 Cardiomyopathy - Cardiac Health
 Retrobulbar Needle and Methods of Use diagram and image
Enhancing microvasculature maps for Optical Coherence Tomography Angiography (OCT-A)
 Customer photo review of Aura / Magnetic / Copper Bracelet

══════════════════════════════

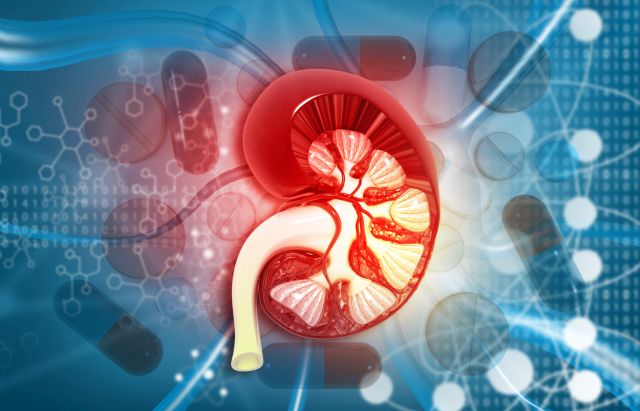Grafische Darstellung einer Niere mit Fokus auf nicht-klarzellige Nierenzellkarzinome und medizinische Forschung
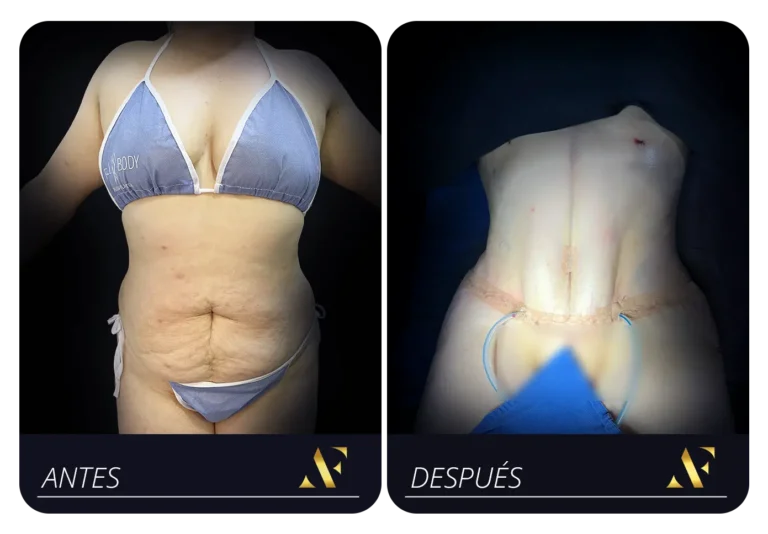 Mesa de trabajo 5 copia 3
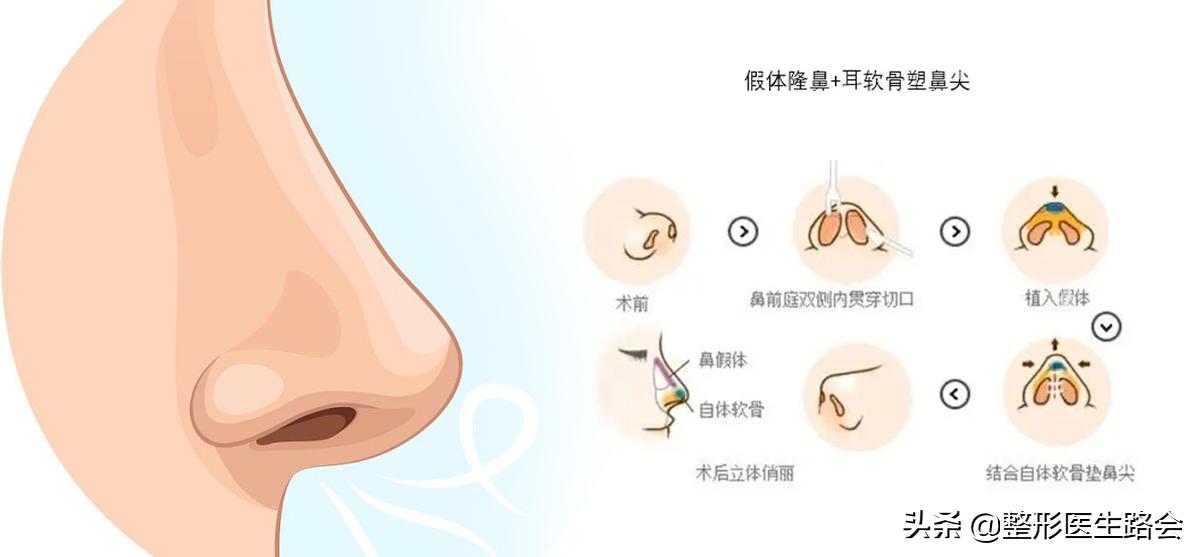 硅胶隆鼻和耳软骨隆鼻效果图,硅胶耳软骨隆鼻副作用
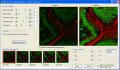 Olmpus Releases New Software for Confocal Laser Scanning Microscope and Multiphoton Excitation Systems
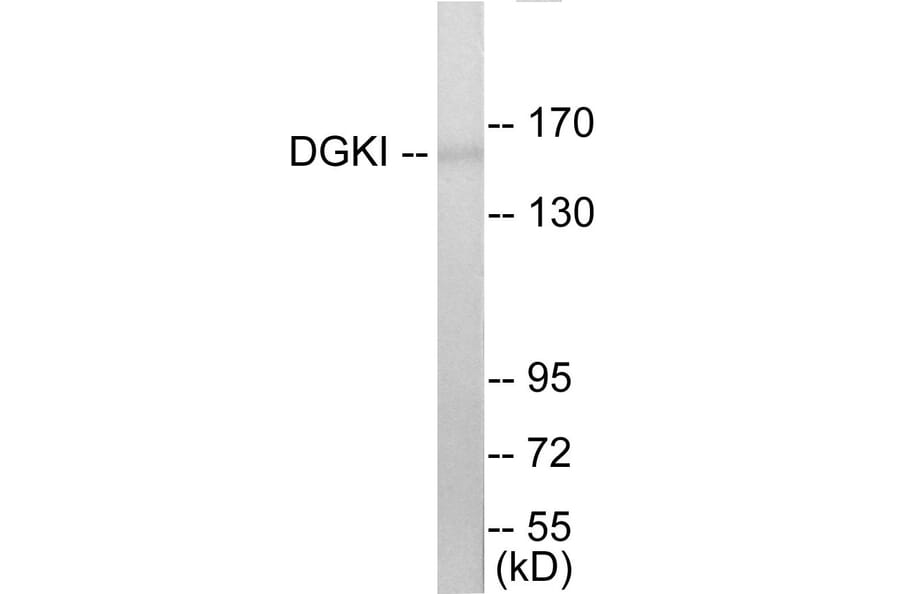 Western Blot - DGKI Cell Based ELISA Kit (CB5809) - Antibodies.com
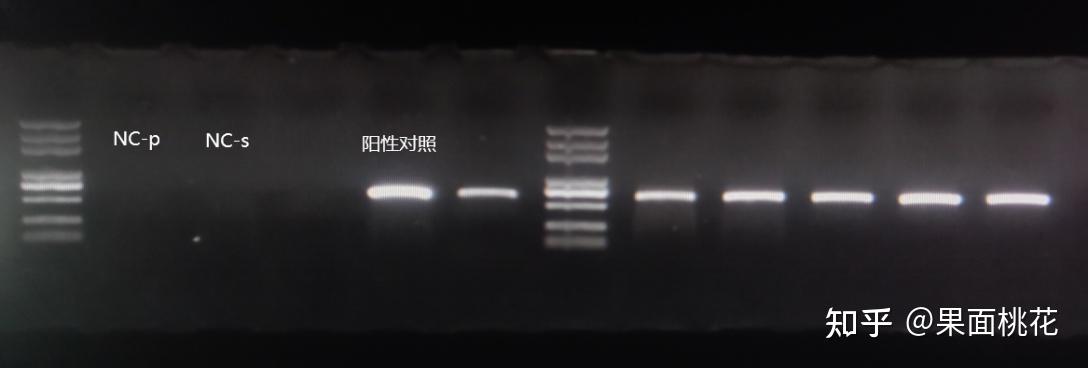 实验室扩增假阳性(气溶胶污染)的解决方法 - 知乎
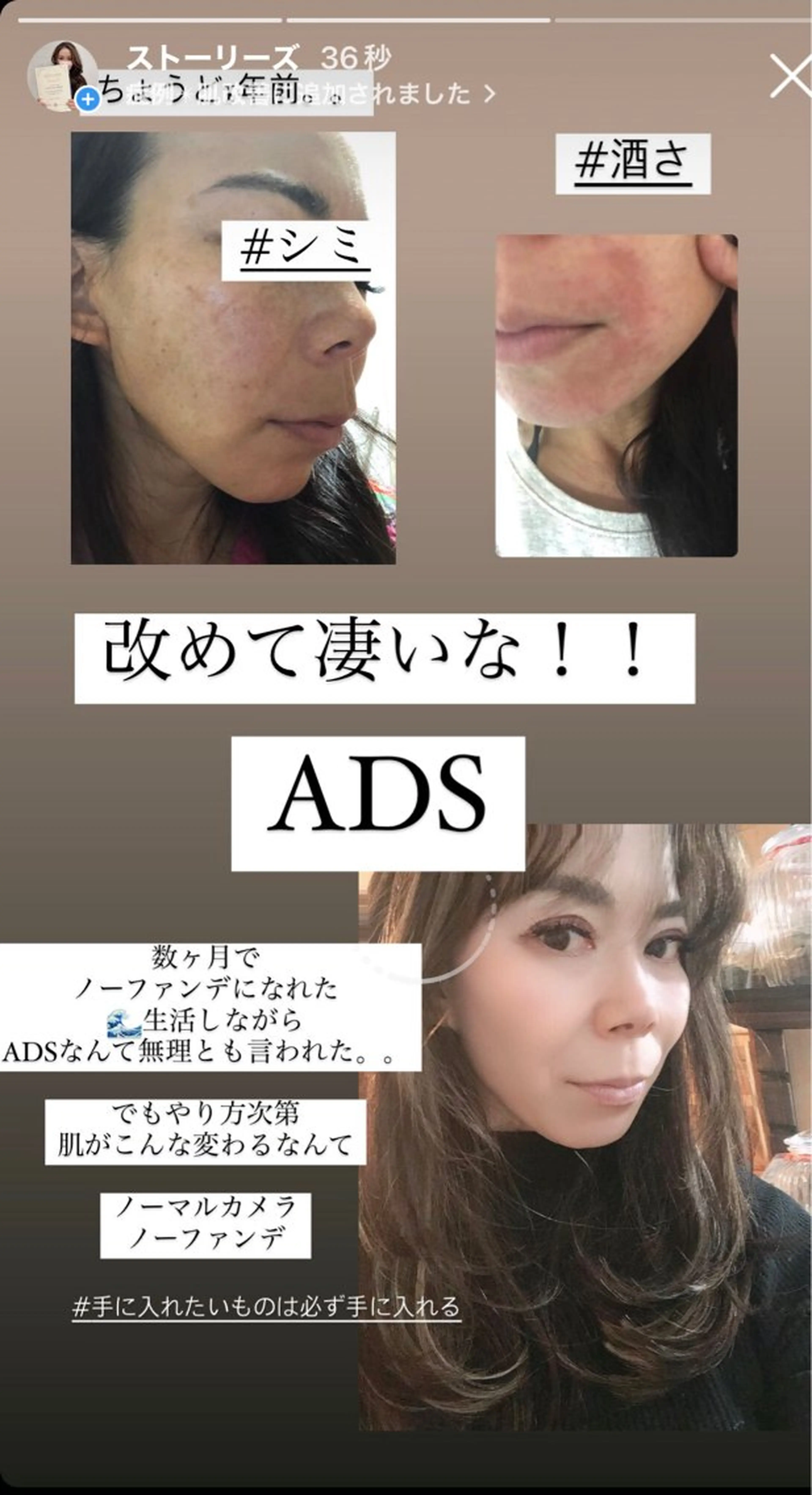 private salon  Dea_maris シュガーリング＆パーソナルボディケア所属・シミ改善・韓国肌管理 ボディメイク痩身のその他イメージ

══════════════════════════════

• Goal of the exercise
Print, word for word, the lines above that run from the line containing "Mesa de trabajo 5 copia 3" to the line containing "Dea_maris シュガーリング＆パーソナルボディケア所属・シミ改善・韓国肌管理 ボディメイク痩身のその他イメージ", both included. Keep the pictures out.

• Response to this exercise
 Mesa de trabajo 5 copia 3
 硅胶隆鼻和耳软骨隆鼻效果图,硅胶耳软骨隆鼻副作用
 Olmpus Releases New Software for Confocal Laser Scanning Microscope and Multiphoton Excitation Systems
 Western Blot - DGKI Cell Based ELISA Kit (CB5809) - Antibodies.com
 实验室扩增假阳性(气溶胶污染)的解决方法 - 知乎
 private salon  Dea_maris シュガーリング＆パーソナルボディケア所属・シミ改善・韓国肌管理 ボディメイク痩身のその他イメージ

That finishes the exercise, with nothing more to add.